**Exercise goal**
The records below are to be retyped in full, without any alteration.

**Task data**
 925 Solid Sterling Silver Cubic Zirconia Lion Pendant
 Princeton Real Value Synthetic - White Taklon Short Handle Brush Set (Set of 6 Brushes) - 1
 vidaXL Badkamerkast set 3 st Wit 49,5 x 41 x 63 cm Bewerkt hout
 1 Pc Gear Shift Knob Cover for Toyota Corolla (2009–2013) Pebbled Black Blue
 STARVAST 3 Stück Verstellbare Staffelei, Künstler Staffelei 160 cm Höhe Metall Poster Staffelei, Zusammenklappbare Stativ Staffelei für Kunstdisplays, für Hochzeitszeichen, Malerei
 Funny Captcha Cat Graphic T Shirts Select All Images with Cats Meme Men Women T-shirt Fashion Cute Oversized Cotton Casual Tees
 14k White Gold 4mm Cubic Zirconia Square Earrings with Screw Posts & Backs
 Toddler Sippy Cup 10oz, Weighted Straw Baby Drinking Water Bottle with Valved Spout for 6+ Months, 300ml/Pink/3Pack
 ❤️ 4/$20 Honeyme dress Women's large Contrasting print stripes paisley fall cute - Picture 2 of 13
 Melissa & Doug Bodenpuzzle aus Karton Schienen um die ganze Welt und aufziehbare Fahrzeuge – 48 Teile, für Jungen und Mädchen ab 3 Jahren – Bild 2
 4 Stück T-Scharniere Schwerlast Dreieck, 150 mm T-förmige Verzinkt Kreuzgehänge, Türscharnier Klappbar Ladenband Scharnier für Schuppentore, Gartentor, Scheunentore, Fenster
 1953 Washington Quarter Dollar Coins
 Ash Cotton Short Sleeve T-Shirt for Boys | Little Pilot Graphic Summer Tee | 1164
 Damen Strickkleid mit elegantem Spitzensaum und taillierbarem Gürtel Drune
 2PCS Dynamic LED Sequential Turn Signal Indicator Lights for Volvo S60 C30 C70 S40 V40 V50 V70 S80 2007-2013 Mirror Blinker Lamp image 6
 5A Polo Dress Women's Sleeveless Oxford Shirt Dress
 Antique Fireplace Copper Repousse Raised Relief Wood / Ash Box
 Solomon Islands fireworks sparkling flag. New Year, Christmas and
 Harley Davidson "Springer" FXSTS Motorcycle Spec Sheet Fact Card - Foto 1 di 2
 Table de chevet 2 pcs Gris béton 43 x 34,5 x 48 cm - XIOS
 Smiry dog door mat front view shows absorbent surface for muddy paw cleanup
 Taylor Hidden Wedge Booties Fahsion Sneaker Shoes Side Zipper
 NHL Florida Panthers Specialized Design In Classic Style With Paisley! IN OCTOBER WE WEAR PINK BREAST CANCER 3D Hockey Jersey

**Answer to this task**
 925 Solid Sterling Silver Cubic Zirconia Lion Pendant
 Princeton Real Value Synthetic - White Taklon Short Handle Brush Set (Set of 6 Brushes) - 1
 vidaXL Badkamerkast set 3 st Wit 49,5 x 41 x 63 cm Bewerkt hout
 1 Pc Gear Shift Knob Cover for Toyota Corolla (2009–2013) Pebbled Black Blue
 STARVAST 3 Stück Verstellbare Staffelei, Künstler Staffelei 160 cm Höhe Metall Poster Staffelei, Zusammenklappbare Stativ Staffelei für Kunstdisplays, für Hochzeitszeichen, Malerei
 Funny Captcha Cat Graphic T Shirts Select All Images with Cats Meme Men Women T-shirt Fashion Cute Oversized Cotton Casual Tees
 14k White Gold 4mm Cubic Zirconia Square Earrings with Screw Posts & Backs
 Toddler Sippy Cup 10oz, Weighted Straw Baby Drinking Water Bottle with Valved Spout for 6+ Months, 300ml/Pink/3Pack
 ❤️ 4/$20 Honeyme dress Women's large Contrasting print stripes paisley fall cute - Picture 2 of 13
 Melissa & Doug Bodenpuzzle aus Karton Schienen um die ganze Welt und aufziehbare Fahrzeuge – 48 Teile, für Jungen und Mädchen ab 3 Jahren – Bild 2
 4 Stück T-Scharniere Schwerlast Dreieck, 150 mm T-förmige Verzinkt Kreuzgehänge, Türscharnier Klappbar Ladenband Scharnier für Schuppentore, Gartentor, Scheunentore, Fenster
 1953 Washington Quarter Dollar Coins
 Ash Cotton Short Sleeve T-Shirt for Boys | Little Pilot Graphic Summer Tee | 1164
 Damen Strickkleid mit elegantem Spitzensaum und taillierbarem Gürtel Drune
 2PCS Dynamic LED Sequential Turn Signal Indicator Lights for Volvo S60 C30 C70 S40 V40 V50 V70 S80 2007-2013 Mirror Blinker Lamp image 6
 5A Polo Dress Women's Sleeveless Oxford Shirt Dress
 Antique Fireplace Copper Repousse Raised Relief Wood / Ash Box
 Solomon Islands fireworks sparkling flag. New Year, Christmas and
 Harley Davidson "Springer" FXSTS Motorcycle Spec Sheet Fact Card - Foto 1 di 2
 Table de chevet 2 pcs Gris béton 43 x 34,5 x 48 cm - XIOS
 Smiry dog door mat front view shows absorbent surface for muddy paw cleanup
 Taylor Hidden Wedge Booties Fahsion Sneaker Shoes Side Zipper
 NHL Florida Panthers Specialized Design In Classic Style With Paisley! IN OCTOBER WE WEAR PINK BREAST CANCER 3D Hockey Jersey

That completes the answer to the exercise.